The first came a year after my wife and I got married. Living in Chicago and having grown up in Michigan, we were eager for sunshine, warm weather, and a fresh start. We decided to move to Texas, a place where we didn't have jobs or know a single person. It’s been our home ever since.
The second leap was a few years later. I had one of those awful jobs—an owner who couldn’t be trusted and checks that sometimes bounced. I found my dream job, but it was only part-time. For a few weeks, I did both, but I sensed that committing to a better future was part of making it reality. I quit my full-time job, despite having a house and child, and no idea if my part-time job would ever be more than that. Within two weeks, I was offered a full-time position and my career began in earnest.
When I tell those stories, I cast them as tales from the distant past. As time passes, stability grows in importance and leaps into the unknown seem unwise. The person who took those chances feels like a character in a story.
I poured myself into my most recent job for eight years. I joined as the team was just taking shape and later became the VP of Product. I hired the first designer, data scientist, office manager, support advocate, customer success manager, and content strategist.
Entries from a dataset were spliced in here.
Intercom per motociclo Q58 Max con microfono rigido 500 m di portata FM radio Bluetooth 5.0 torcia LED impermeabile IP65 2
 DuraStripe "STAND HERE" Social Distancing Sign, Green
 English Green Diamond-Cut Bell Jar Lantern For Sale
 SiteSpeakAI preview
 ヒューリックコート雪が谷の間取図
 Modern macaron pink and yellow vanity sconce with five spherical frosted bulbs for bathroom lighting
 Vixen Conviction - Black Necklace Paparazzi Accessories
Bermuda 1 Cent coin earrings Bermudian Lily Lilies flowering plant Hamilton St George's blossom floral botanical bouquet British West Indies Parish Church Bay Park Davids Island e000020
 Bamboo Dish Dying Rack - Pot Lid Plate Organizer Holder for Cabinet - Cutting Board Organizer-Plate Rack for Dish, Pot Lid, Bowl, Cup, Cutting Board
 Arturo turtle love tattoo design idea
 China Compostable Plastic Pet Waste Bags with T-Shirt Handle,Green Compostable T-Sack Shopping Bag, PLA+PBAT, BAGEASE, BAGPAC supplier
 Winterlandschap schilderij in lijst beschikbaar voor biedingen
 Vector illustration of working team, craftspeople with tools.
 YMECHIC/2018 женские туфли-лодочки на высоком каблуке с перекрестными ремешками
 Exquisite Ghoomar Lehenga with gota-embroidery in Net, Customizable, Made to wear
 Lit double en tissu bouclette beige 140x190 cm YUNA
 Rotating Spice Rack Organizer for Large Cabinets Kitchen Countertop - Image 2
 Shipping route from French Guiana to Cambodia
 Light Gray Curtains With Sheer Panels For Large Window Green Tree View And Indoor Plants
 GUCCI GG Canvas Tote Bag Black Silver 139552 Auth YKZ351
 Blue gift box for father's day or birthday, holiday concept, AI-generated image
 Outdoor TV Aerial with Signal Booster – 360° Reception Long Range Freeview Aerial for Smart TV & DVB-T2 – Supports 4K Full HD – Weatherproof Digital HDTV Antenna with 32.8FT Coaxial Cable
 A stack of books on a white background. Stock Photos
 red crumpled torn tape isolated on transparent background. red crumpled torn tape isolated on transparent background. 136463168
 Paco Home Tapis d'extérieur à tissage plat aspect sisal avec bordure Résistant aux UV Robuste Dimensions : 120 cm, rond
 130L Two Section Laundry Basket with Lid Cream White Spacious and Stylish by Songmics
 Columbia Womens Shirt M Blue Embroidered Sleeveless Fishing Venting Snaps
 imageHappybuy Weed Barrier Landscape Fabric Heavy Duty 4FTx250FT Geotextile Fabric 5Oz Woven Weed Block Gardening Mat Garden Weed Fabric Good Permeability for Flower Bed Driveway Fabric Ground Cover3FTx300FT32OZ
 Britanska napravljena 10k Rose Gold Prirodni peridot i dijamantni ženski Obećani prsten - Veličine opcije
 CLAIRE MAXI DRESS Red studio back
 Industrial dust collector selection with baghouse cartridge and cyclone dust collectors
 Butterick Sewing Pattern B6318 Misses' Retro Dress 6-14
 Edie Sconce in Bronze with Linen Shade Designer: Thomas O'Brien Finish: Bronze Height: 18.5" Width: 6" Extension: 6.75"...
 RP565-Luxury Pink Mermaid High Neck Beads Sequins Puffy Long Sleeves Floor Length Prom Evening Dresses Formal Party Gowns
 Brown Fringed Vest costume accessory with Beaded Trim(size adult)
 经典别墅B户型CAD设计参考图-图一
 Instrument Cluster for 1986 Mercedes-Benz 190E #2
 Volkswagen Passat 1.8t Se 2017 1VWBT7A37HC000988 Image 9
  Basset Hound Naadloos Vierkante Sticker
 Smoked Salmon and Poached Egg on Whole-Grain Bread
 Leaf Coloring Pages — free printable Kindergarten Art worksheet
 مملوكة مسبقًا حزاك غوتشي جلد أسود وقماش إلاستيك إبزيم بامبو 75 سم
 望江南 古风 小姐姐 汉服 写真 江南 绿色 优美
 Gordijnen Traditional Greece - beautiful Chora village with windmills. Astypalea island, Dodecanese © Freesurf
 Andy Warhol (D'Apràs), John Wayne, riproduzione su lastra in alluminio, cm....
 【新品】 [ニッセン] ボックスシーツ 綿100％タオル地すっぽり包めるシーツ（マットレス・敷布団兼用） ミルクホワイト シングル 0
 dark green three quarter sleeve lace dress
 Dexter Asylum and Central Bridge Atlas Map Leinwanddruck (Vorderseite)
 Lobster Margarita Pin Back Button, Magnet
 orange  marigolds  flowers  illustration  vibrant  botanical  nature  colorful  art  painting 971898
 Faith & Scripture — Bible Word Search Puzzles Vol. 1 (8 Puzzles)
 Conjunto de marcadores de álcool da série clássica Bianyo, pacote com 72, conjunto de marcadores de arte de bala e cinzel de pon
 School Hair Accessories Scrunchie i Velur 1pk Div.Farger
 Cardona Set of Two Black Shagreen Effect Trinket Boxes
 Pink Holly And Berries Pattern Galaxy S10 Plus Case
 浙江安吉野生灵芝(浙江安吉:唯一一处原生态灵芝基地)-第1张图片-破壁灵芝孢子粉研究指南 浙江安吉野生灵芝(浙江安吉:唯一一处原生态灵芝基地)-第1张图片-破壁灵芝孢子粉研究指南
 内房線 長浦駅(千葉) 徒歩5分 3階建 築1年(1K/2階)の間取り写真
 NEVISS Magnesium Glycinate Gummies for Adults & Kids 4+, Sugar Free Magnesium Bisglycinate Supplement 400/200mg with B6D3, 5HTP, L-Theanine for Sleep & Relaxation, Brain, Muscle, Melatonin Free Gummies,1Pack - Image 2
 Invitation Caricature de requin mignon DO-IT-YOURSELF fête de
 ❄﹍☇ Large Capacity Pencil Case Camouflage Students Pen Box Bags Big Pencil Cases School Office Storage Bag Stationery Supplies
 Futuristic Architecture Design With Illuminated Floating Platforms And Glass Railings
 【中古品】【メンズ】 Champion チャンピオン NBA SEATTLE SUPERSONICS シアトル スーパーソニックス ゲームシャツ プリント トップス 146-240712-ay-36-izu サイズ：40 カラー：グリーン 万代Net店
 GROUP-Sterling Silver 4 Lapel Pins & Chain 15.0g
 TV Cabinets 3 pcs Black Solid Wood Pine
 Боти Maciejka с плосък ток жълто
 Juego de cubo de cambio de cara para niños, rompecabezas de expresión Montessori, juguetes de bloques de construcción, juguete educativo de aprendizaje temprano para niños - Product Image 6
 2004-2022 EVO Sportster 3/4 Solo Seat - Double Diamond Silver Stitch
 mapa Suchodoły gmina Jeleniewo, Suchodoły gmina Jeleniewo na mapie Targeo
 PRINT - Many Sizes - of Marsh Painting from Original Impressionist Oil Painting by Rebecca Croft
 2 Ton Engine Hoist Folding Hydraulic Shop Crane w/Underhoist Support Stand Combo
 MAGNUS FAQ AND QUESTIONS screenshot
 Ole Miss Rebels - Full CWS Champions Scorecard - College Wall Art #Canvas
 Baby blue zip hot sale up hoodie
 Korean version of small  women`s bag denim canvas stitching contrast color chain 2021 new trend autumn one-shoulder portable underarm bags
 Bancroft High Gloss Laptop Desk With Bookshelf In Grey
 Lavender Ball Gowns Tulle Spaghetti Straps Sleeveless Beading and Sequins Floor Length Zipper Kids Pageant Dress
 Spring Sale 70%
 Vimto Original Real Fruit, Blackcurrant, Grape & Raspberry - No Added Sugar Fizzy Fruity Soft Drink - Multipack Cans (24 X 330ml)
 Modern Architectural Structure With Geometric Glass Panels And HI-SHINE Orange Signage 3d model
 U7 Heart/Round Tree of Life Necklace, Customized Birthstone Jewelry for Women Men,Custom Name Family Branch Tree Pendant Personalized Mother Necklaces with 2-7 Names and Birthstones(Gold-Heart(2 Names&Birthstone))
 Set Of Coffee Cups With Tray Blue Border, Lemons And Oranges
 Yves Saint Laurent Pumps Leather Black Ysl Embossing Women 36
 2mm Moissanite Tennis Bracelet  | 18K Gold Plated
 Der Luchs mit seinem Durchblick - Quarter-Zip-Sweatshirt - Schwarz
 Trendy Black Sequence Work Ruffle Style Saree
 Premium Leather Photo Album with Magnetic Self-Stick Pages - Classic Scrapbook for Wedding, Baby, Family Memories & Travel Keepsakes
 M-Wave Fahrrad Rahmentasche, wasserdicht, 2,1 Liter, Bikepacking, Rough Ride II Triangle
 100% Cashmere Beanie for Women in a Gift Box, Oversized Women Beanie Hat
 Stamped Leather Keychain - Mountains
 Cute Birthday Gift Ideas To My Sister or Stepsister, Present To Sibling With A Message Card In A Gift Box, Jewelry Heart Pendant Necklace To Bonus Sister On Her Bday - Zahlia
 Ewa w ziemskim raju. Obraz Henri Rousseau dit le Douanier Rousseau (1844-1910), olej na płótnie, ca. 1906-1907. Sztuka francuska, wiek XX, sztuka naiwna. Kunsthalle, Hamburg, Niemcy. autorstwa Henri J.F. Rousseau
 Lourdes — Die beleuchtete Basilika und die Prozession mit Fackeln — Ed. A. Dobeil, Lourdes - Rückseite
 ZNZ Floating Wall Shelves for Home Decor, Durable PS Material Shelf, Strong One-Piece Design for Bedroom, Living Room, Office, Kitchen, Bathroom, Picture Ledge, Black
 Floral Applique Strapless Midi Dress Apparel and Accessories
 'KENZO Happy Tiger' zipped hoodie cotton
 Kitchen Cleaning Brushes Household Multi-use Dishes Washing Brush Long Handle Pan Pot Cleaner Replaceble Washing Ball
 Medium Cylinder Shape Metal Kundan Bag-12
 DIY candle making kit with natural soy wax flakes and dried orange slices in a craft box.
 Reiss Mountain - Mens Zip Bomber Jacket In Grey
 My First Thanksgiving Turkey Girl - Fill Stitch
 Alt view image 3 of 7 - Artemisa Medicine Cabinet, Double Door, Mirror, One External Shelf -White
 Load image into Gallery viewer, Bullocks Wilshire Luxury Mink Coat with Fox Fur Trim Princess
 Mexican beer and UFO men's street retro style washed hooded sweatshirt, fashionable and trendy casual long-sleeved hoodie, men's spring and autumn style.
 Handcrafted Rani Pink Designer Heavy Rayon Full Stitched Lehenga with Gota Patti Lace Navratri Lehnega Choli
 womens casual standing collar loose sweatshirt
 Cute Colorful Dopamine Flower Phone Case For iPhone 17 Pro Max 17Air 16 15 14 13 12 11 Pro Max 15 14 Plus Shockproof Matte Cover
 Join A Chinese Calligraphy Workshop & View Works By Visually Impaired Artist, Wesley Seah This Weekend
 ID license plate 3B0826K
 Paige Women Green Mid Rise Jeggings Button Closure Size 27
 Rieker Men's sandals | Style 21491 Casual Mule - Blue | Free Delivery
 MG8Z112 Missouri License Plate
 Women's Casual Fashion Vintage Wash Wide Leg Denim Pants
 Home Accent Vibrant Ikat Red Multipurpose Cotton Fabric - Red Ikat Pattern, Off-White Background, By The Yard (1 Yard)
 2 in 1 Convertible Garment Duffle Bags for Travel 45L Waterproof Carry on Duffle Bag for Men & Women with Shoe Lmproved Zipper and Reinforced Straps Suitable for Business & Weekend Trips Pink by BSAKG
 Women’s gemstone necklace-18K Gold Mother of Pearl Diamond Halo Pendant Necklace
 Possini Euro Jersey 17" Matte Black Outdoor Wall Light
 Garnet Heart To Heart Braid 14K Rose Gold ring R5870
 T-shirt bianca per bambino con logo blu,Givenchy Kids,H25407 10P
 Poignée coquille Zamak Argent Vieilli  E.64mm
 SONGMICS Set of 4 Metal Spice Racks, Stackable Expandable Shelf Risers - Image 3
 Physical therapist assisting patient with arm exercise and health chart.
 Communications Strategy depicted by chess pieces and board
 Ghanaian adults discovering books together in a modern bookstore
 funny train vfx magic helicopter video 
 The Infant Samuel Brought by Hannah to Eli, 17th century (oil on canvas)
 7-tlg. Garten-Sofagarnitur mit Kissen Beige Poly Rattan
I encouraged our inclusive, supportive culture and championed remote work, hiring the earliest remote employees. I led the adoption of Shape Up and got to work with some of my best friends.
I also grew and learned and made mistakes.
Joining the company was one of the best decisions I’ve made, and so was deciding to leave.
A few months ago, I read this post: 5 Signs It’s Time to Quit Your Job. It’s a great prompt to look at your current job through the lens of your career.
I had long thought I couldn’t leave—the people, product, and history meant too much. Plus, I feared the uncertainty of a job search. Two realizations shifted my view.
First, I realized that the job's importance and my own were overinflated. The best job is still a job and can be replaced. The same is true for an employee. Life will go on.
Second, I asked myself, "Would I apply for my current job?" Put that way, the answer was clearly no. I was valuing the past at the expense of my present and future.
It sunk in one morning as I was watching this U2 performance of all things: it’s time to leave and take another leap. I had to make that commitment to myself and trust that what doesn't make sense right now will later, just as it had before.
Not long after, I celebrated those eight wonderful years with coworkers past and present on a beautiful Austin evening.
I accepted an offer for my next job a week later.
I’m overjoyed, filled with gratitude, and happy to tell a new story.